THE TASK =>
Everything from the line with "Mawile - 17/108" through the final line of the listing below must be retyped exactly, apart from the pictures.

PROVIDED MATERIAL =>
# # # # # # #
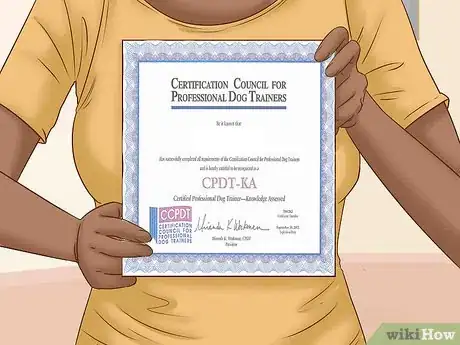 Image titled Start a Dog Training Business Step 6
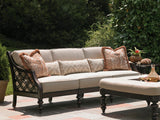 Royal Kahala Black Sands - Sofa - Dark Brown / Light Brown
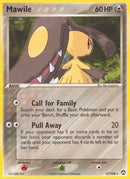 Mawile - 17/108 [Power Keepers] - Reverse Holofoil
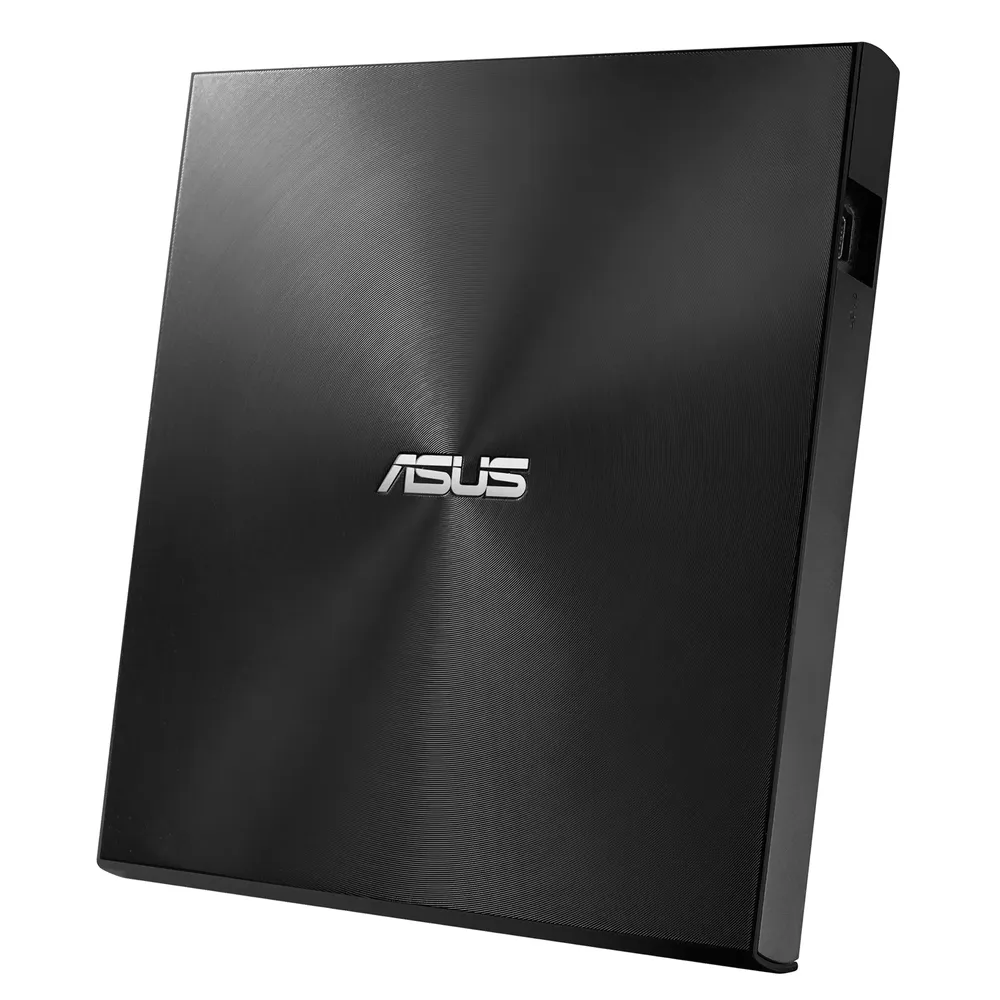 EXT ASUS ZenDrive U8M SDRW-08U8M-U DVD+-RW USB-C crni - Slika 4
# # # # # # #
EXERCISE SOLUTION =>
 Mawile - 17/108 [Power Keepers] - Reverse Holofoil
 EXT ASUS ZenDrive U8M SDRW-08U8M-U DVD+-RW USB-C crni - Slika 4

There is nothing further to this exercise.